Endocervical adenocarcinoma is a type of cancer which affects the cervix. The cervix is the lowest end of the uterus, sometimes known as the neck of the uterus. Adenocarcinoma, which develops from glandular tissue, is not as common as the most frequently occurring cervical cancer, squamous cell carcinoma, which arises from the epithelium covering the cervix. As endocervical adenocarcinoma arises in cells located inside the endocervical canal, the passage inside the cervix, the cancer is much harder to detect than squamous cell carcinoma, which develops on the surface of the cervix. Treatment may involve surgery, radiotherapy and chemotherapy, but the specific therapy used, and the outlook after treatment, will vary depending on how far the cancer has advanced.
Adenomatous cells, from which endocervical adenocarcinoma develops, are located in the lining of the endocervical canal, where they produce mucus. While endocervical adenocarcinoma is less frequently seen than squamous cell carcinoma, it is becoming more common. Although the two main cancer types which affect the cervix develop from different cells, both kinds of cancerous growths may give rise to similar symptoms and may be treated using the same methods.
The symptoms of squamous cell carcinoma or endocervical adenocarcinoma may not be obvious, especially at first, but abnormal bleeding from the vagina is sometimes seen. This could be bleeding that occurs in a woman who has already gone through menopause, which arises after sexual intercourse, or which occurs in between periods. Occasionally, an unpleasant-smelling vaginal discharge is experienced, or there may be discomfort during sex.
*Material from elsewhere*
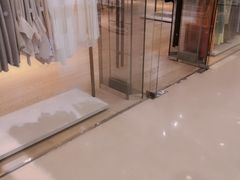 -COS(月星环球港店)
Sometimes a woman with endocervical adenocarcinoma does not notice any symptoms, but a cervical screening test detects signs of cancer, although screening is less effective than in the case of squamous cell carcinoma.
When endocervical adenocarcinoma is suspected, samples of cells from the endocervix may be taken and a cone biopsy may be carried out, where a small section of the cervix is removed for analysis under a microscope. Cancer staging is performed to determine the extent to which the cancer has progressed. The stage of the cancer then dictates the treatment plan. In the early stages, endocervical adenocarcinoma may be cured, and treatment generally consists of surgery, radiotherapy, or a combination of the two. Advanced cancers, which have spread beyond the cervix and the top of the vagina, can sometimes be cured using surgery, radiotherapy and chemotherapy, as long as they have not spread to distant parts of the body.